La réverbe de FabFilter est enfin là et vu la réputation d’excellence de l’éditeur hollandais, elle pourrait bien être un de ces produits de rupture qui remettent les pendules de la concurrence à l’heure. Il n’y a plus qu’à pousser le potard sur Wet pour le savoir…
Dire que la réverbe de FabFilter était attendue est un euphémisme car, sans qu’elle n’ait jamais été annoncée, elle était à l’évidence l’effet qui manquait le plus au catalogue de l’éditeur hollandais pour qu’il soit complet. Quand on connaît en outre le soin apporté par FabFilter à ses réalisations, tant sur les plans ergonomiques et fonctionnels qu’au niveau du son, il va sans dire que l’arrivée de cette Pro-R est un événement dans le petit monde des réverbes logicielles, où elle aura fort à faire pour se faire un trou tant la concurrence y est acharnée.

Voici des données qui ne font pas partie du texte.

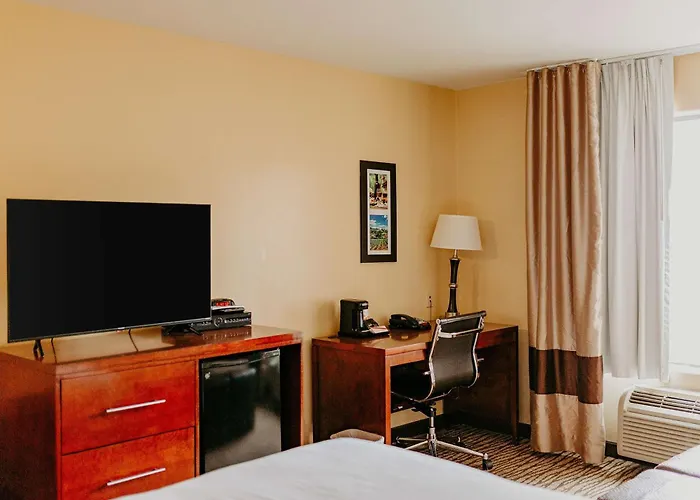 Airport Hotel: Comfort Inn Pomona Near Fairplex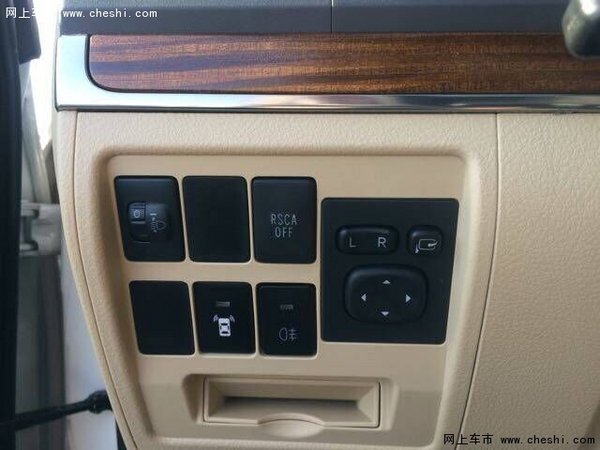 2016款酷路泽4000双油箱双备胎 猛上头条-图10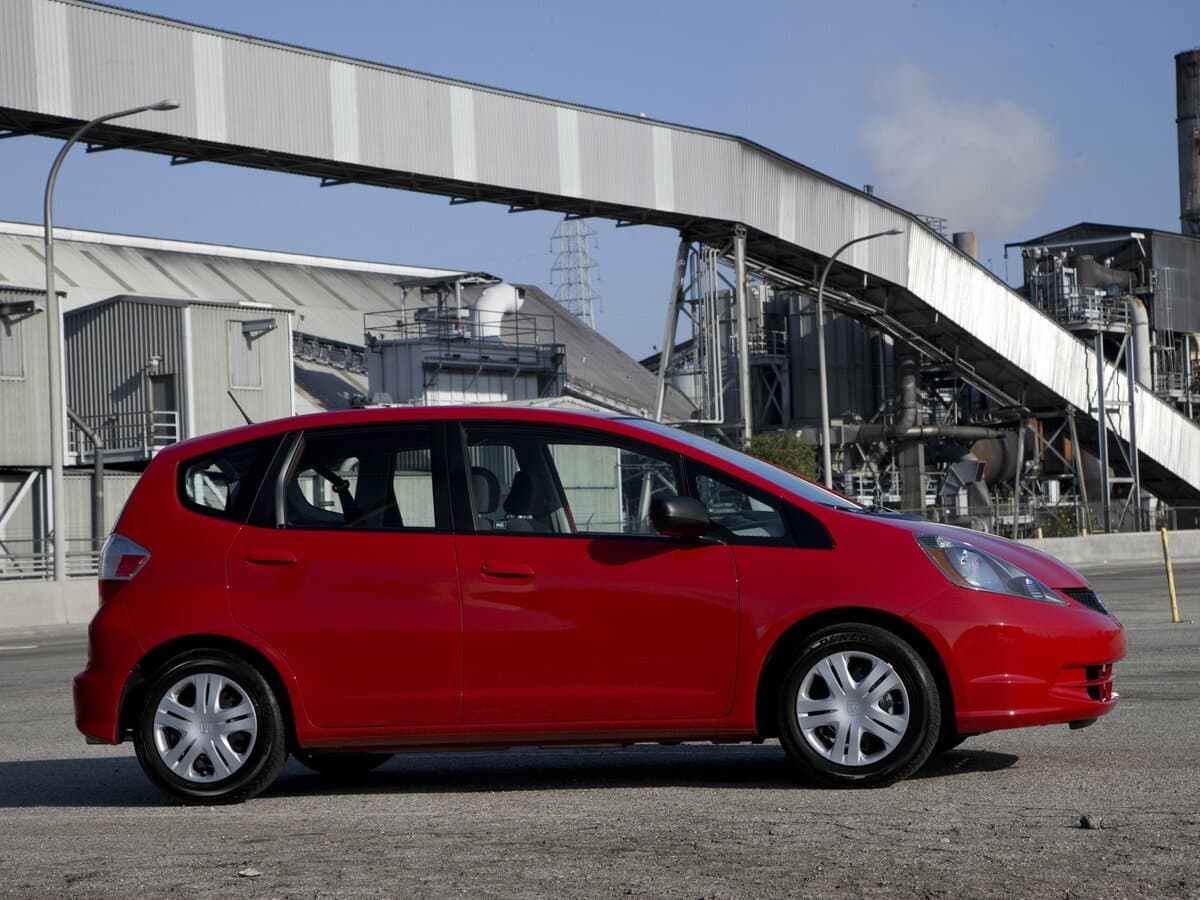 Honda Fit II — Yandan
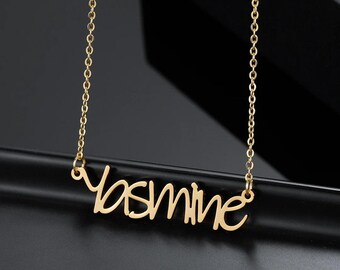 Collar con nombre en cursiva personalizado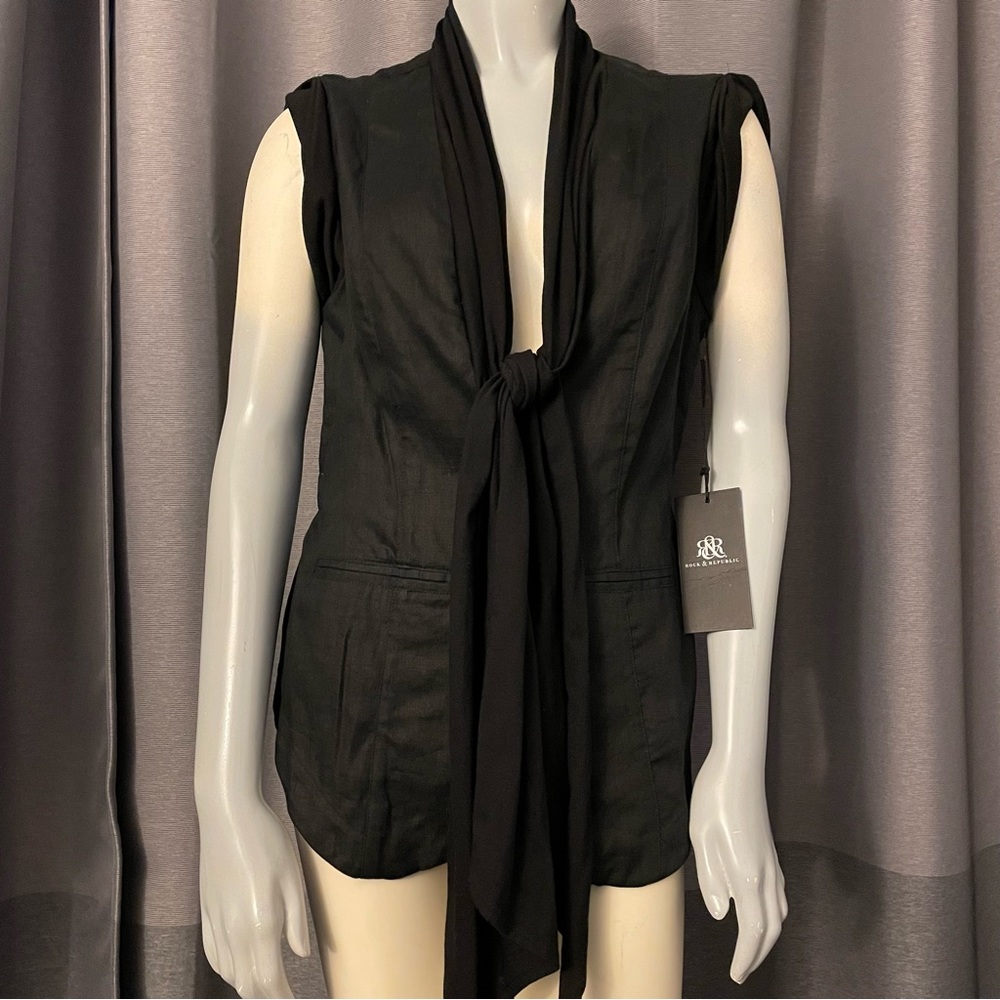 NWT Rock&Republic black jacket with interesting design details.  Size 8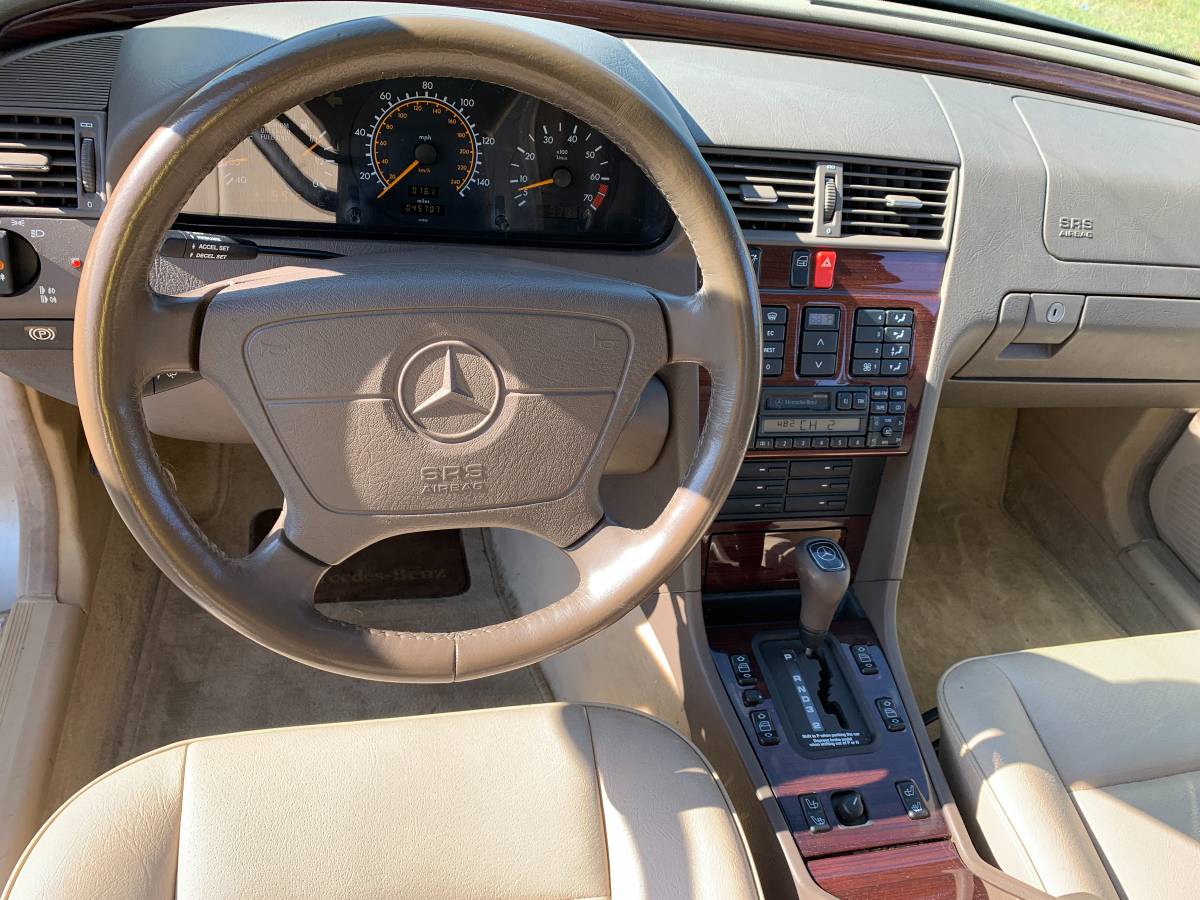 Mercedes-benz-c220-1995-21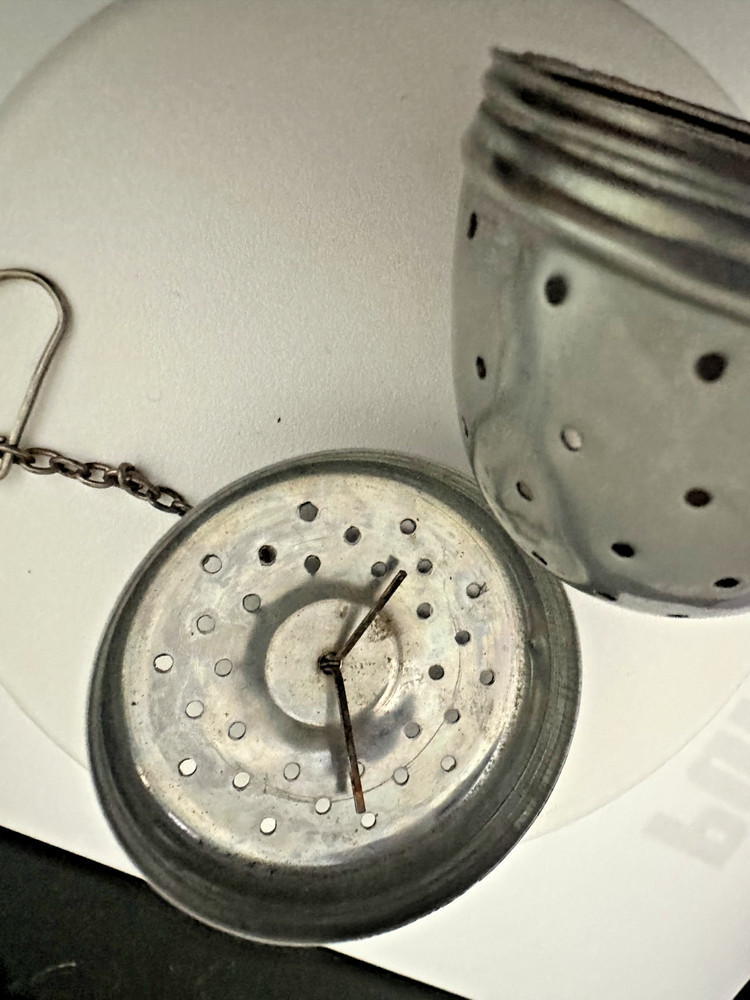 Acorn Shape Tea Diffuser with hook & chain/ Silver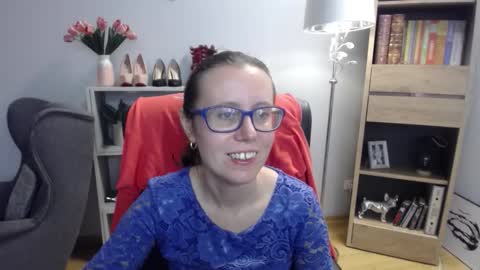 Snapshot of lizzy_sparkle chatting on 11-13-25, 05:39 Lizzy online show from 11-13-25, 05:39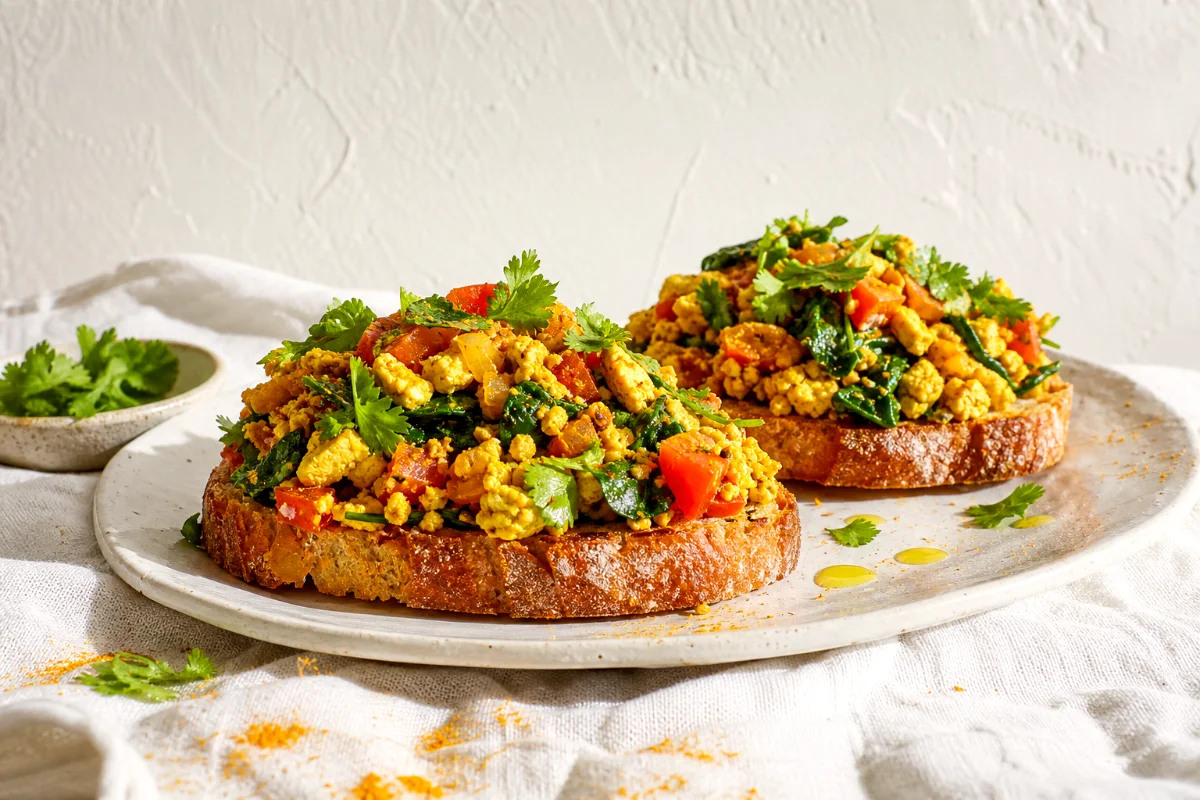 paneer-bhurji-breakfast-toast-featured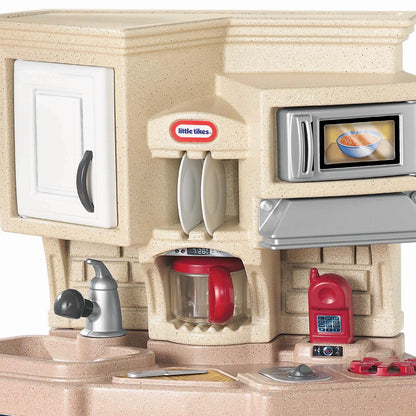 >Refrigerator, microwave and oven doors open &amp; close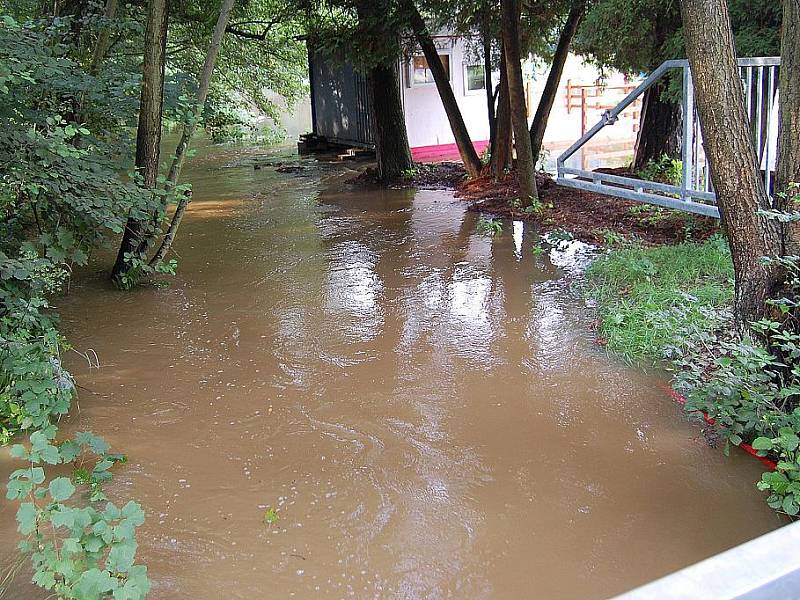 Rozvodněný potok během pár minut zatopil koupaliště a voda se nebezpečně přiblížila i k rodinným domům.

Sans même parler des excellents processeurs à convolution émanant d’AudioEase, Liquidsonics, Waves, Melda, HOFA, Vienna, Voxengo ou encore SIR, on dispose sur le marché de la réverbe algorithmique de très nombreux éditeurs proposant des produits de haute volée : Lexicon et Eventide bien sûr, mais aussi Overloud, Exponential Audio, Flux, UVI, Waves, IK Multimedia, Melda, Sonnox, Arts Acoustic, Universal Audio, 2CAudio, Softube, Wave Arts, ReLab, Native Instruments, eaReckon, Brainworx, 112dB, PSP… Et c’est sans compter Valhalla DSP qui a fait exploser l’entrée de gamme en proposant à 50$ des plug-ins absolument stupéfiants, ou encore les éditeurs de STAN qui proposent avec leurs logiciels des réverbes de bien meilleure facture que par le passé.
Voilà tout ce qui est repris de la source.